1) Tactical skills: These skills are mixture of skills that are particular to a certain game, and skills that are common to several games. As combat works rather similar in many MMORPG, many group combat skills are common to several games. If you understood how to control aggro, what a tank was, and what the role of the main healer in a group was in Everquest, you'd easily translate these skills into their minor variations in Dark Age of Camelot, or Final Fantasy XI. On the other hand, quad-kiting was a solo combat skill unique to EQ, while only in FFXI do you need to know how skill chains work in combat. Most of these tactical skills are acquired by playing the game. Some things you learn by observation, some you will be told by the other players in your groups. Most of the time these skills require just some intelligence, and not fast reaction speed.

2) Knowledge skills: MMORPG are very knowledge based games. If you know where to hunt at what level, or what quest gives what reward, you will progress a lot faster than somebody who doesn't know. Knowledge can be acquired from friends, from different website, or from message boards. Some knowledge you will always pick up yourself in the game. But frankly, the documentation you get when you buy the game is usually rather bad and covers only the most essential basics. And while playing, the games I know don't really do a good job to steer you in the right direction. In game you often only learn by trial and error, and that is a long and unpleasant process. Having the skills to find knowledge from other players, or on publicly available websites, makes you a much stronger player.

3) Social skills: Playing with lots of other players is practially the point of MMORPG. Nearly all of them have some concepts of groups and/or guilds, where players work together to achieve goals they couldn't achieve on their own. In some games it is actually impossible (EQ) or nearly impossible (FFXI) to solo up to the highest level, you must join a group to earn experience points. In other games it is optional, but there is usually some sort of bonus to playing in a group, to compensate for the time lost in forming one. Then there is the player economy, with items found as loot, or created by tradeskills, being traded or sold between players. All of these player-player interactions require some social skills. The internet not being a very polite place to start with, the requirements are somewhat low. But if somebody behaves very badly, he can find himself excluded in different ways from the player community.

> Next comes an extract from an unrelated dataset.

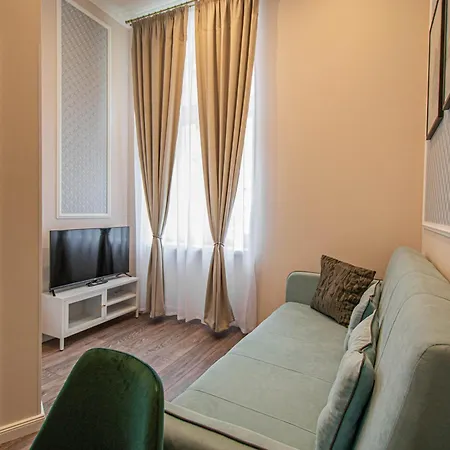 3Bdr Elegance Deco Downtown Flat Apartment Prague Exterior photo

In extreme cases, complaints about bad behavior can get a player banned by the game company. On the positive side, if you are nice, and make friends easily, there are obvious advantages in finding a group faster, or being able to get help from others.

In single-player games you will also need some tactical skills, but those are often simpler, as they don't involve the cooperation of several players. Single-player games are usually less knowledge based, there are enough games you can finish without even checking on a single website (although walkthroughs and such exist for many single player games as well). And obviously you don't need any social skills to succeed in a single player game. So it is understandable that the transition from single-player to massive multi-player can be rough. In a month the PS2 version of Final Fantasy XI is released. Some people that played Final Fantasy 1 to 10 will be rather surprised how different FFXI is, and not all will like the change. I'm not sure it was a good idea to call this game "Final Fantasy XI", making it appear to be part of a series, instead of calling it "Final Fantasy Online" or something. A player getting frustrated because he was led into a game that is "wrong" for him is bad news, for him and for the other players already playing.
Friday, February 06, 2004
 
Quests

After having talked about how the quests in FFXI are at the same time better than the quests in other games, and not yet satisfying, I'd like to talk a bit more about quests. Quests are a major part of most MMORPG, Everquest even gets half of its name from them, but no game up to now has gotten quests really right. World of Warcraft is supposed to have a great quest system, but up to now that is just advertising hype, I'll believe it when the game is out and I've actually played it.

The first mass market MMORPG, Ultima Online, did not have quests at all. There was one similar thing, you could escort an NPC in his voyage from one city to another, but that was all. Then came Everquest, which introduced a "classic" quest system, similar to what is found in single player role playing games. You talk to computer controlled non-player characters (NPC), they ask you to do something, and when you do it, you get some reward. Nearly always these quests involve some combination of killing a certain monster, and/or bringing something from A to B. Many games after that, like Dark Age of Camelot, or Final Fantasy XI, are using the same system.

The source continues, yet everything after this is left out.